Maybe your adult child(ren) have also been there from the beginning of getting the diagnosis of MCI. Perhaps they were the first ones to draw your attention to it, or convince you to go to the doctor. Other times, our patients with MCI are worried about telling their adult kids, and it usually revolves around two main concerns:
Perhaps the most frequent argument we hear to not to tell adult children is that you don’t want to worry them with your MCI diagnosis. Or, their lives are so busy, you don’t want to burden them with this news. Keep in mind, however, that our family members are often the first to notice memory changes. In other words, it is very difficult to hide even subtle memory changes from the family. Family expect us to remember the stories they share with us, important events such as birthdays (when they were expecting a card that never came), or the names of the grandchildren. When we don’t remember these things, all kinds of emotions may arise in our family members, including frustration, hurt, and even anger. Once they start see a pattern, or realize it’s not personal, then they often get worried. In our experience, it is usually a relief to them to hear that you have taken steps to find out what is going on to get the diagnosis. As a rule of thumb:
If someone you are close to spends significant time around you, or talks to you regularly on the phone, odds are they already suspect something is different with your memory… and are worried.
Perhaps you are not ready to bring the adult kids into this experience with you, as you are afraid they may want to take over. You may be still processing what this MCI diagnosis means for you, and fiercely want to defend your independence. Don’t worry, we want you to defend your independence, too. We also want you to balance it with having a support network who can be involved in sensible planning and putting safety nets in place in case your memory gets worse. Telling your kids you have MCI is NOT the same thing as allowing them to know about your finances, monitor your driving, or oversee your personal business affairs. These are separate conversations. Admission of a diagnosis does not have to be the end of your independence.
A big part of the decision to tell the grandkids is often how old they are.

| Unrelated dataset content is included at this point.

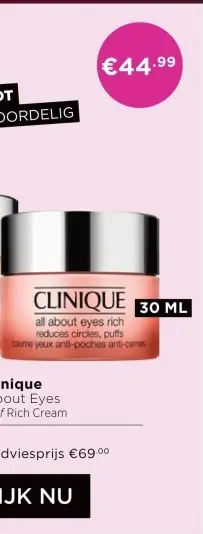 Aanbieding: All About Eyes Rich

If they are adults or older teens, the answer is usually much like our discussion when telling adult children. If they are younger, you likely should have a discussion with their parents. Are you comfortable with the younger grandkids knowing? How much detail do you want them to know? In our experience, people often tell the younger grandkids something more general, like “grandpa has trouble remembering things” or “you might need to help Nana remember that” rather than go into the details of the diagnosis. Of course, that depends not only on the age, but also the personality and maturity of the child in question. If you don’t want the grandkids to know, discuss why with their parents. And, don’t forget their side of this: do your kids want their kids to know? Why or why not?

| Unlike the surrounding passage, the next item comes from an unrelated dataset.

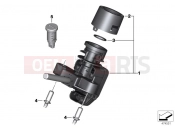 BMW Motorrad BMW 2017 C-Models C evolution (0C03) Ignition/steering lock with EWS by code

What about your brothers, sisters, cousins, and everyone else? For those you are close with, the answer likely follows some of the same guidelines as talking with your significant other or adult kids. If you are not that close, the answer may be less clear. (Next week’s blog may help; see below.)
“What can they do about it?” You may not even know all the answers to this question yourself at this point. Still, think about what level of detail about the diagnosis, prognosis, and treatment options you want to discuss with them.

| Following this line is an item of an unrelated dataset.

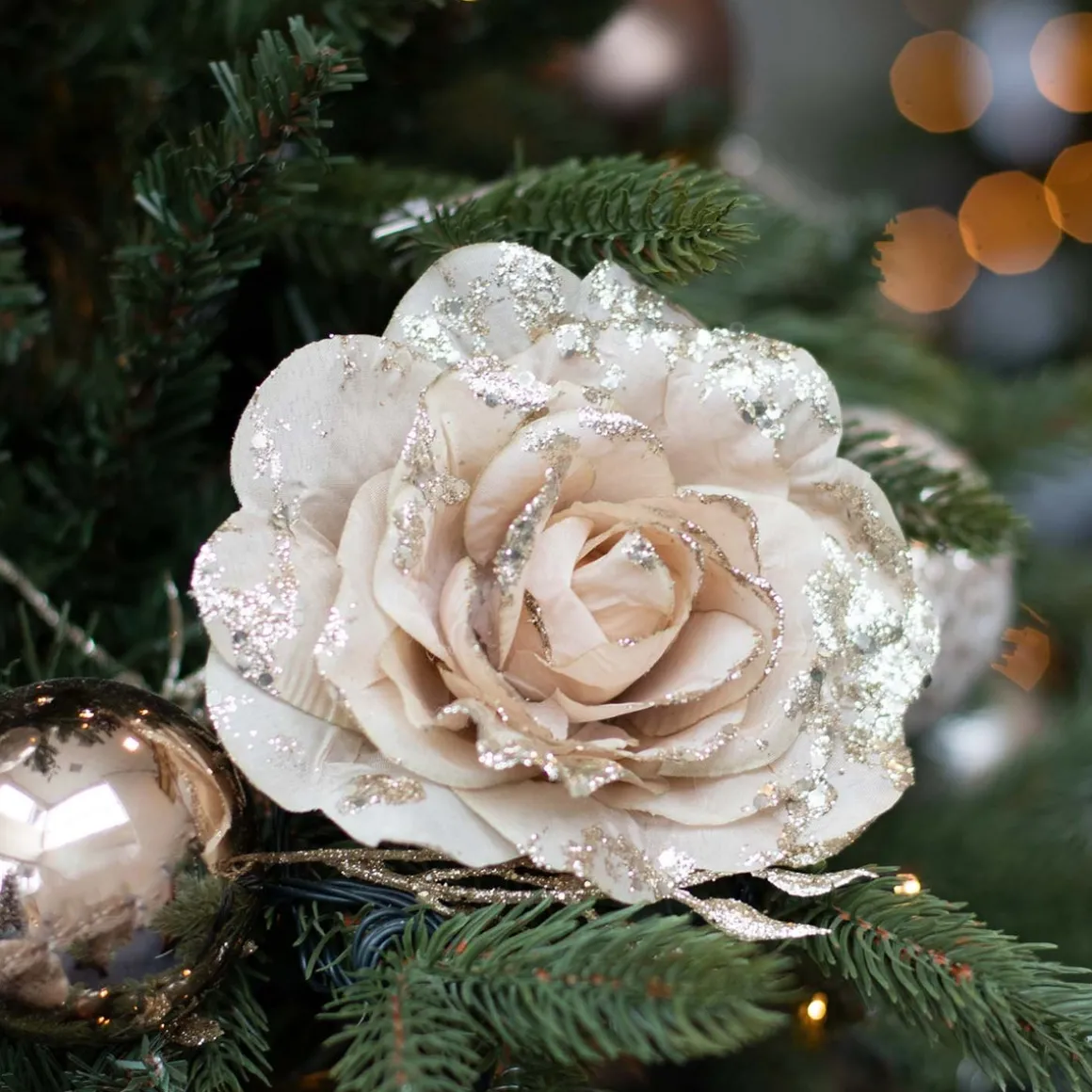 Christbaumschmuck-Komplett-Set „Cosy Premium“, 155 Teile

“What are you doing about it?” Again, think about what all you want to share about your doctor appointments, doctor’s recommendations, medications, etc. The also likely want reassurance that you are putting measures in place to help manage your day to day life successfully. Let them know what you are doing to help you stay independent, like setting up auto-pay, using a pill-box, or taking a driving test. Or, perhaps that is as simple as telling them that your spouse is helping make sure you don’t forget or overlook things.
One very important thing you are doing about it is getting support by telling those you love about your diagnosis of MCI. We may think, “I have to tell such and such because they have the right to know,” or “they will be upset if I don’t tell them,” or some other reason why we are telling them for them. This may be true, but what we are also giving ourselves is the support of the person that we told. Building this support network will be essential to good coping with MCI.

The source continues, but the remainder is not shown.